The Greatest Story Ever Told

The NBA’s two most decorated franchises, the Boston Celtics and Los Angeles Lakers, form what is arguably the greatest rivalry in sports. With the two teams set to meet tonight, we figured now would be a good time to revisit this feature from SLAM 116.–Ed.

by Michael Bradley

College basketball history dates back to the early 1900s, when guys in ridiculous shorts tried to put a laced ball into the basket and then headed to midcourt for a jump ball after every successful two-pointer. It continued through the Iba, Rupp and Wooden eras as something of a regional concern, a growing phenomenon with peaks and valleys of popularity. Ebbs and flows. But modern college ball has a definitive starting point: The opening tip of the 1979 National Championship game, when Larry Bird’s Indiana State Sycamores locked horns with Magic Johnson and the Michigan State Spartans.

Thus began the Madness, and the game has exploded since. Or at least the Tournament has. Whatever. It’s all because of Magic and Bird. Bird and Magic. The two players turned a nation on to college hoops and then saved the NBA. That’s right, saved the thing.

See, you don’t remember what it was like. The ’70s were a dark time for the L. The Celtics had faded. The Lakers had lost it. Portland, Washington, Seattle, Golden State. They were crowned champions, but they weren’t enough to attract any real attention. The NBA was a big mess of bad hair, no defense, off-court shenanigans and apathetic fans. The Finals weren’t even always shown in prime time, and many Playoff games were tape-delayed. As if anybody cared.

By the time Magic and Bird finished the ’80s, everybody cared about pro ball. The two players turned their personal rivalry into a drama that compelled hoop fans throughout the country and brought new guests to the party. Their two games each season were absolute must-see TV, and even the two players understood how much they meant. “When the new schedule would come out each year, I’d grab it and circle the Boston games,” Magic said once. “To me it was The Two and the other 80.”

Bird anticipated those matchups but was on the Magic Watch the rest of the season, too. “The first thing I would do every morning was look at the box scores to see what Magic did,” Bird famously said. “I didn’t care about anything else.”

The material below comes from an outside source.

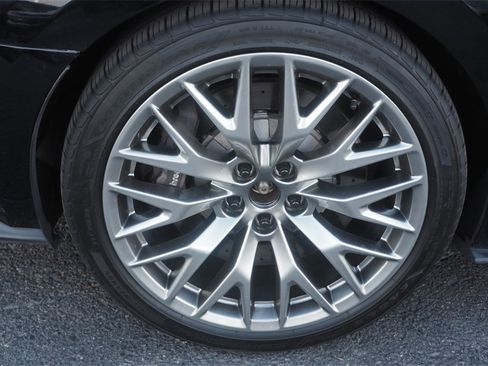 Used 2016 Ford Mustang Shelby GT350 w/ Technology Package image 23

On the surface, the whole thing didn’t make sense. Bird was a white farm boy from the Indiana hinterlands. Magic was an African-American city kid from Michigan. They had as much in common as Carrie Underwood and Kanye West. But it worked, because charisma doesn’t know money or color or background. If you have it, you have it. Bird and Magic had it. When they played, even though their teams featured plenty of Hall of Fame talent, you watched them first. They rarely guarded each other, but they were clearly the focal points of their teams. Magic at the point, pounding the ball and making no-look passes. Bird on the wing or underneath, hitting every kind of shot and making clutch plays look routine. These guys played the best basketball anyone had seen, period. And when they squared off three times in NBA Finals series, it was as if the gods had decided to convene a pickup game.

The first Finals meeting was an epic struggle, a seven-game war in ’84 that featured trash talk, psychobabble, the “junior, junior hook shot,” a sweltering gym and a Boston title. Bird was the MVP, just as he had been during the regular season. Fans were delirious. Not since Russell and Chamberlain hooked up was basketball this riveting.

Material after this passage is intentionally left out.